Manufacturing muddleWednesday, April 06, 2016
Recently we have had another call for a boycott on goods from Trinidad and Tobago. The industrialists state this is because Jamaicans have been treated with outright disrespect by Trinidadian authorities, while the common man says it is because the Trinis are looking to dominate the Caribbean through economics and bullying (see the cases taken up by the industrialists).
All of this is good to hear, we need more nationalism and patriotism in this country but where will it lead and what will it achieve?
As it relates to manufacturing, the industrialists and the governments of the past 40 years must take the blame for the current state of affairs. Our major manufacturers have done well and can be regarded as giants financially in the region but they have little impact in supermarkets across the region, people complain.

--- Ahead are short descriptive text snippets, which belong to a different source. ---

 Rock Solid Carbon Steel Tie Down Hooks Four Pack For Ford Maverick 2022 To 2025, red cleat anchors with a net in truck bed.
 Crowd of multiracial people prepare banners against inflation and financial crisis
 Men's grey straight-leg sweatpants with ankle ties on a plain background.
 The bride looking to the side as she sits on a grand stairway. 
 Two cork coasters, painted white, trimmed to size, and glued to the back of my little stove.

Why then do they not set up a manufacturing and distribution centre in that part of the region, like the countless Trini companies do in Jamaica to gain access to the western Caribbean?

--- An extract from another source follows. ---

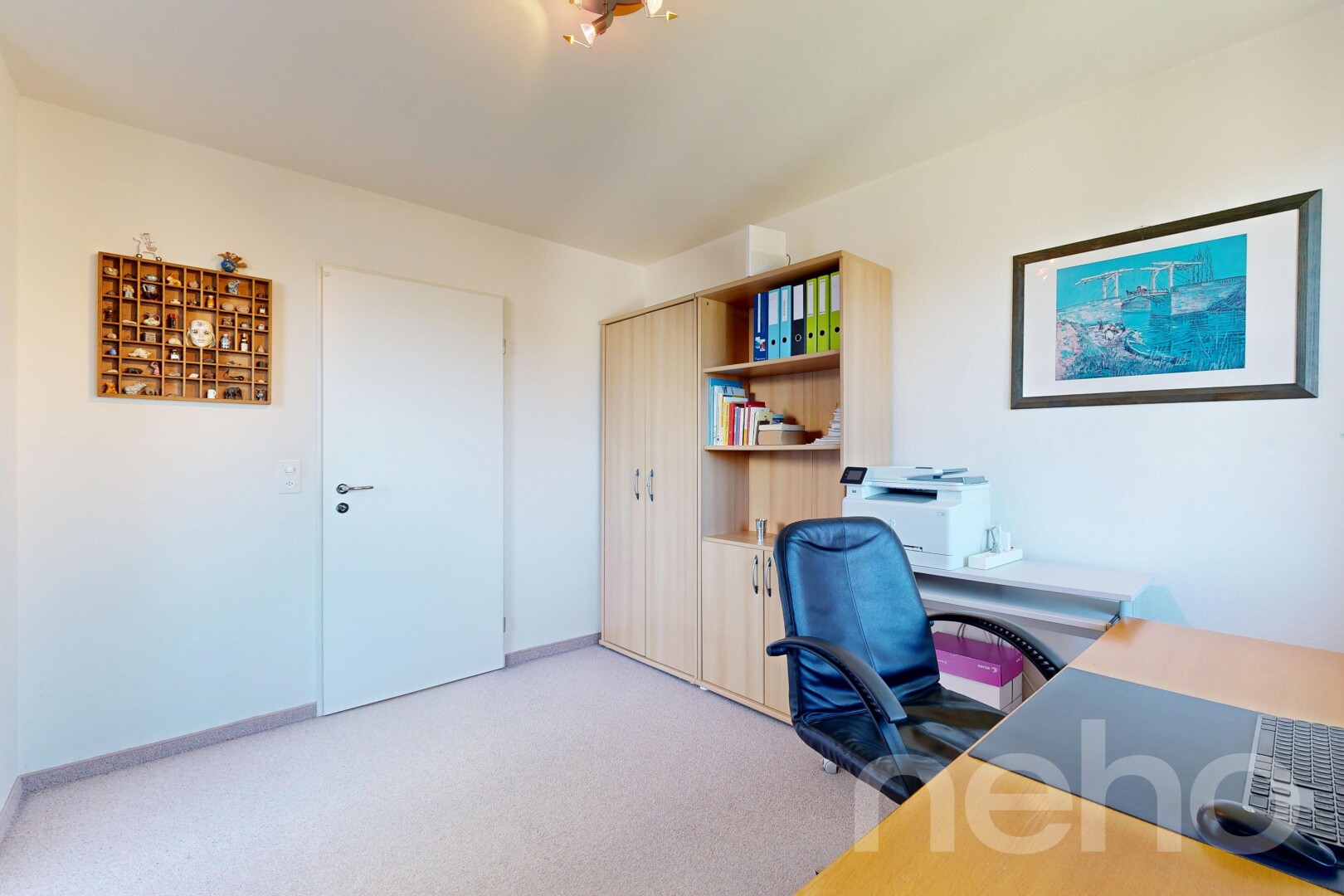 office with light carpet and baseboards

Why do they not buy and acquire eastern Caribbean manufacturers to get a foothold in the region like what Sagicor or the company that bought Carib Cement did?
We will be told that it is not easy; well nothing worth doing is. Companies like Lasco and Grace have flourished in Jamaica in spite of 40 years of economic bedlam, they have matured in spite of the local anarchy and Byzantine business laws, so why not chance it in the east where the business climate is more friendly?
When it comes to how the Trinidad immigration authorities treat our nationals, the answer is simple and twofold. We must insist that they cease this unjust practice or take it to court while at the same time looking deeply within ourselves.
We need to look within ourselves and deal with our crime problem and our broader societal issues. Until we do that, Jamaicans, especially poorer ones, will continue to be harassed and unjustly treated at many ports of entry.
In short, yes, I agree with the boycott, but not unless our manufacturers take that leap of faith and jump fully into the eastern Caribbean and not until we as a society start to seriously address our problems. Because to not do so would be a waste of time. Without the leap of faith the trade imbalance will remain, and without introspection and change, our citizens will continue to be harassed and we will be back at square one.